Insect silk contains both a Kunitz-type and a unique Kazal-type proteinase inhibitor.

Insect silk is made up of structural fibrous (fibroins) and sticky (sericins) proteins, and contains a few small peptides of hitherto unknown functions. We demonstrate that two of these peptides inhibit bacterial and fungal proteinases (subtilisin, proteinase K and pronase). These 'silk proteinase inhibitors' 1 and 2 (SPI 1 and 2) are produced in the middle section of the silk-secreting glands prior to cocoon spinning and their production is controlled at transcription level. The full length cDNA of pre-SPI 1 contains 443 nucleotides and encodes a peptide of 76 amino-acid residues, of which 20 make up a signal sequence. The mature SPI 1 (6056.7 Da, 56 residues) is a typical thermostable Kunitz-type proteinase inhibitor with Arg in P1 position. The cDNA of pre-SPI 2 consists of 260 nucleotides and yields a putative secretory peptide of 58 amino-acid residues.

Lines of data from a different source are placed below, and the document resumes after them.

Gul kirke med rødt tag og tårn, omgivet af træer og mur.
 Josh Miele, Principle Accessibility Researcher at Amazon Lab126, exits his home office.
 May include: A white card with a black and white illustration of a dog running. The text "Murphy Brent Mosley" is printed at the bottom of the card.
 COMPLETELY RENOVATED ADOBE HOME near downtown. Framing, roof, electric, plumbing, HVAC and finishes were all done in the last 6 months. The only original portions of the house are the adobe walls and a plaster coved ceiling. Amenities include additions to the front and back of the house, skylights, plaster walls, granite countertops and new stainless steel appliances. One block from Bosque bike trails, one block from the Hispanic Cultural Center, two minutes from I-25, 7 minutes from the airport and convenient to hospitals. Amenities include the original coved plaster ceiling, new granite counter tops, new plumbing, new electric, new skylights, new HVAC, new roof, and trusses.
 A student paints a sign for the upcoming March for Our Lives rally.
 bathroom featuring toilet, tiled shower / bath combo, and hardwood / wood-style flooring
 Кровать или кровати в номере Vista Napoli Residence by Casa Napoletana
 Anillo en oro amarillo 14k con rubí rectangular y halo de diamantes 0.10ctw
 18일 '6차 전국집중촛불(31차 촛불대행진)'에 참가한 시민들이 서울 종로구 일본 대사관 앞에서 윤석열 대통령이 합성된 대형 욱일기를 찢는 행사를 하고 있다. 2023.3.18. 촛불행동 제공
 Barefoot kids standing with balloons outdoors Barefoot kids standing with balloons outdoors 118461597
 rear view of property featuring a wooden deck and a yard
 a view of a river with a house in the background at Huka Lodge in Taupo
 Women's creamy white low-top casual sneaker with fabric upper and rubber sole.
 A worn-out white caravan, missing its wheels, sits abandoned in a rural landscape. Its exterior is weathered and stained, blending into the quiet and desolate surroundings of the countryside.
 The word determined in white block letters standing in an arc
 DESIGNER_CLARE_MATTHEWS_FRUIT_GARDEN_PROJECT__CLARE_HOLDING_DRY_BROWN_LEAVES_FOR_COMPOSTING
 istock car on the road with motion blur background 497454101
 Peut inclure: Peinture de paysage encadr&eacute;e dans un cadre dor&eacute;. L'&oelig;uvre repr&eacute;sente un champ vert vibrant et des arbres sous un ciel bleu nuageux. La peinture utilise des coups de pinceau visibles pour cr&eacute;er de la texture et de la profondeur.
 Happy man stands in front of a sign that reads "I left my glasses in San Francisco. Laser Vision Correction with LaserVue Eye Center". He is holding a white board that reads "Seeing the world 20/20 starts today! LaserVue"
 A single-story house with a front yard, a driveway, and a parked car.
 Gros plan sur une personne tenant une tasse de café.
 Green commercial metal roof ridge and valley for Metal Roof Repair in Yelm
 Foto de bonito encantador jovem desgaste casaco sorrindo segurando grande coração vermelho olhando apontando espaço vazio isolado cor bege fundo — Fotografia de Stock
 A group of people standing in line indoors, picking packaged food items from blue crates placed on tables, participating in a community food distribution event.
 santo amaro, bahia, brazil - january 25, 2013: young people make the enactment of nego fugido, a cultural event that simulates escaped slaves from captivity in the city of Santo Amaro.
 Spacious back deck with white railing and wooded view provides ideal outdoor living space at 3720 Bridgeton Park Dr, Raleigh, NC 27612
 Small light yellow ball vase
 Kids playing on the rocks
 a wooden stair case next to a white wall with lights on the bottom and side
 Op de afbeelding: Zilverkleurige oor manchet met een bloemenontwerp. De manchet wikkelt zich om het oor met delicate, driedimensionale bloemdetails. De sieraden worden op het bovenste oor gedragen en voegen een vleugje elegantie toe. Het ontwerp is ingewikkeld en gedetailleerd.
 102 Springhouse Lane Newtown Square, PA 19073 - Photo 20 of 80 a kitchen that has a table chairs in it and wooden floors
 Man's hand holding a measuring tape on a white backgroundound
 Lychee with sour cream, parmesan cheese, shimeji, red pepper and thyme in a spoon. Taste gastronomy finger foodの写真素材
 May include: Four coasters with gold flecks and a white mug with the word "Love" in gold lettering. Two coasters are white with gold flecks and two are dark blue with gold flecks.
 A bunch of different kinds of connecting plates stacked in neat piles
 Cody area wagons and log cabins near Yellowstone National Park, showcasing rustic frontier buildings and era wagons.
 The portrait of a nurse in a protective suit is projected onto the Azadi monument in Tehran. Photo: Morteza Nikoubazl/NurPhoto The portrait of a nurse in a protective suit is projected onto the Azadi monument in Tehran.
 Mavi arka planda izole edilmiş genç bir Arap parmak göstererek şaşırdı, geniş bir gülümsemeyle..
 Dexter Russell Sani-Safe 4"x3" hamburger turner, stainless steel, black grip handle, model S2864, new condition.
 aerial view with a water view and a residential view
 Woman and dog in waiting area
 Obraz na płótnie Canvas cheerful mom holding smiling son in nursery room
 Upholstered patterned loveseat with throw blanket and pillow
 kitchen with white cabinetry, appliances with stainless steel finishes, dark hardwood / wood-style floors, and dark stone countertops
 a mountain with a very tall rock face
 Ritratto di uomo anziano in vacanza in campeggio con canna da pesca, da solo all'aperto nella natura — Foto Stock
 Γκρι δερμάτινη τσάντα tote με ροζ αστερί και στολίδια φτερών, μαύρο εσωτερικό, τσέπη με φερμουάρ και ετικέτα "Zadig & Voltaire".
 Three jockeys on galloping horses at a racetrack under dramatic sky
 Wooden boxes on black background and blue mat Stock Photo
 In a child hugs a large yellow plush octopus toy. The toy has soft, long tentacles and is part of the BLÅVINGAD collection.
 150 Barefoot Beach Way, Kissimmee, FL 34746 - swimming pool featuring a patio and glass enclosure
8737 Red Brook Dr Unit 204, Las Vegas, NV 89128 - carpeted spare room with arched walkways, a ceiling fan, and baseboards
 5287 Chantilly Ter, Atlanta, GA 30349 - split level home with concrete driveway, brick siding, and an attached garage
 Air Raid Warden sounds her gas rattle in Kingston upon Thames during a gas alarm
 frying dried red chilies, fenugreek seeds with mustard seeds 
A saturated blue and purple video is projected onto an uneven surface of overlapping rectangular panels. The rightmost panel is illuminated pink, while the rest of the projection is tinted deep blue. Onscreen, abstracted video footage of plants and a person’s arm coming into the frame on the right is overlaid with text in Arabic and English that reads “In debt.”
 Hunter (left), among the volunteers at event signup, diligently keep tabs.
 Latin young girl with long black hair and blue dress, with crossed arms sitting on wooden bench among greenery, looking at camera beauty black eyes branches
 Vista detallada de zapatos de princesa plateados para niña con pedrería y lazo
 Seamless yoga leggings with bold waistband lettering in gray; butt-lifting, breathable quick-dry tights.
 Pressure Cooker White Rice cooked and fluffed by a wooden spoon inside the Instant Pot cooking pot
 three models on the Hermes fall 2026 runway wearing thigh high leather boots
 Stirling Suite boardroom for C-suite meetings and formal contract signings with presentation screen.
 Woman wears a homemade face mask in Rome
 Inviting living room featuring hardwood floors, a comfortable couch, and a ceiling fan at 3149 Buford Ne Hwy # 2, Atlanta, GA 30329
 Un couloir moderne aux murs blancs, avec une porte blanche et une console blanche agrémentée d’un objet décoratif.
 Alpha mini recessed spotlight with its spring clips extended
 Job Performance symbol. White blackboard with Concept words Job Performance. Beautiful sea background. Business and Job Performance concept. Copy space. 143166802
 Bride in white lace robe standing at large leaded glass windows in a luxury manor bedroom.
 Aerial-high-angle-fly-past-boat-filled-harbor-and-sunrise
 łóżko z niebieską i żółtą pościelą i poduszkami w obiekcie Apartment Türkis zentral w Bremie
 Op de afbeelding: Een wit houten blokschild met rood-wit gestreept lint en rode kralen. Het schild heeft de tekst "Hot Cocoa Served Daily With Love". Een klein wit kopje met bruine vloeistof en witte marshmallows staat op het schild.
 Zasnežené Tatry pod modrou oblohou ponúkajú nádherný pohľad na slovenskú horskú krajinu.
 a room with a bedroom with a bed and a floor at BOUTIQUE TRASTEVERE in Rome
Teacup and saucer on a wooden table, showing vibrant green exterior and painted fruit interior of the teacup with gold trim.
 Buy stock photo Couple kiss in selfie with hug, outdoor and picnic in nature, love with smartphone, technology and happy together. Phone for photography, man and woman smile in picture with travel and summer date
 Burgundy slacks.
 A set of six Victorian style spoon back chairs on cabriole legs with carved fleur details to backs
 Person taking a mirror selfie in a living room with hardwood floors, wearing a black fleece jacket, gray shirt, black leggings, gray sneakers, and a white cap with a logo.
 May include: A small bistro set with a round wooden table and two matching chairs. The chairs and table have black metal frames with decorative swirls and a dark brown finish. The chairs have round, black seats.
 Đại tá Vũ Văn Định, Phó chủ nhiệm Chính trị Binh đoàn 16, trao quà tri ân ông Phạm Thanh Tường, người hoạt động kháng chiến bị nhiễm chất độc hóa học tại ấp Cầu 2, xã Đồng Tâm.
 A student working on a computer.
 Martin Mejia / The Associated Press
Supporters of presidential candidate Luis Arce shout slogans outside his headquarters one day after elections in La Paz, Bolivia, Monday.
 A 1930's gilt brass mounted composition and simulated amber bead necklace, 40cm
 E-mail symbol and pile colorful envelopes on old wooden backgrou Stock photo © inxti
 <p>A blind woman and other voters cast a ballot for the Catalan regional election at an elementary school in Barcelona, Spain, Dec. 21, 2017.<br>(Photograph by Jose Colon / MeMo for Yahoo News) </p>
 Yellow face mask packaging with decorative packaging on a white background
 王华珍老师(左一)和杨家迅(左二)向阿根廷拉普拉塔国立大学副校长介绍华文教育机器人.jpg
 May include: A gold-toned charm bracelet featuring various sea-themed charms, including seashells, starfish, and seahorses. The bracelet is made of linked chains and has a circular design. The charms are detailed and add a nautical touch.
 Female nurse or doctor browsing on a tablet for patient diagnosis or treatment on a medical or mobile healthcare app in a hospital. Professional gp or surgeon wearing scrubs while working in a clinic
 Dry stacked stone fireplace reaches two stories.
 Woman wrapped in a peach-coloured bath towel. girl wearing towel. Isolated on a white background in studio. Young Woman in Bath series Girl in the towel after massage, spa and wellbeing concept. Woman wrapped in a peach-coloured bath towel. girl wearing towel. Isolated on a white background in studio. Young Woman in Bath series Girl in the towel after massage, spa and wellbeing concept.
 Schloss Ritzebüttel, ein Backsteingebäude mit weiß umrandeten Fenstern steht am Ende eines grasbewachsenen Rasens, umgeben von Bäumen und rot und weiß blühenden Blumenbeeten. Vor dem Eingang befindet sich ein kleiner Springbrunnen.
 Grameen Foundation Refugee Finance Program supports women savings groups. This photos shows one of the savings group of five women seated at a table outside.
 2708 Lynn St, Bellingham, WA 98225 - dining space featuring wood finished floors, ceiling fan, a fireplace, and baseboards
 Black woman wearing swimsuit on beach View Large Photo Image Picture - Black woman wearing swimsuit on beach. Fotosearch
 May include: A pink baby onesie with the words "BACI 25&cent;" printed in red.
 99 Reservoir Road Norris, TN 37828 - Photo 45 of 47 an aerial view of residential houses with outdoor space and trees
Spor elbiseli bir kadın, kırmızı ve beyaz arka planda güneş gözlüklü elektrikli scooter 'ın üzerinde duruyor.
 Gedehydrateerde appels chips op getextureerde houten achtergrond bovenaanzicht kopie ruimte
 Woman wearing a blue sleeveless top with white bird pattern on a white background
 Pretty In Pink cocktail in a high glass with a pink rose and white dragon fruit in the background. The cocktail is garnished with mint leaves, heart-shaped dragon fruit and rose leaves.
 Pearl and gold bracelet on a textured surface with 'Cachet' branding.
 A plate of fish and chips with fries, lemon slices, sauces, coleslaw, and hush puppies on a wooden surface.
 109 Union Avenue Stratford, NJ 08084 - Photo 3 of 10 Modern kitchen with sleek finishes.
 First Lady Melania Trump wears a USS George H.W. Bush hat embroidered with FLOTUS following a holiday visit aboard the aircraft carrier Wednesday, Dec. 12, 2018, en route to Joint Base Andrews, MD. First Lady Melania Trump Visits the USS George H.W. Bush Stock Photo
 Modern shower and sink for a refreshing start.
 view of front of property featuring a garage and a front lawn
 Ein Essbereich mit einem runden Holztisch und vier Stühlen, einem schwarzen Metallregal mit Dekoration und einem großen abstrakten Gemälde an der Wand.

The functional SPI 2 (3993 Da, 36 residues) is a single-domain Kazal-type proteinase inhibitor with unique structural features: free segment of the N-terminus is reduced to a single amino-acid residue, lack of CysI and CysV precludes formation of the A-ring and provides increased flexibility to the C-ring, and absence of several residues around the normal position of CysV shortens and changes the alpha helix segment of the protein. The structure reveals that the length and arrangement of the B-ring, including exposure of the P1 residue, and the position of the C-terminus relative to the B-loop, are essential for the activity of the Kazal-type inhibitors.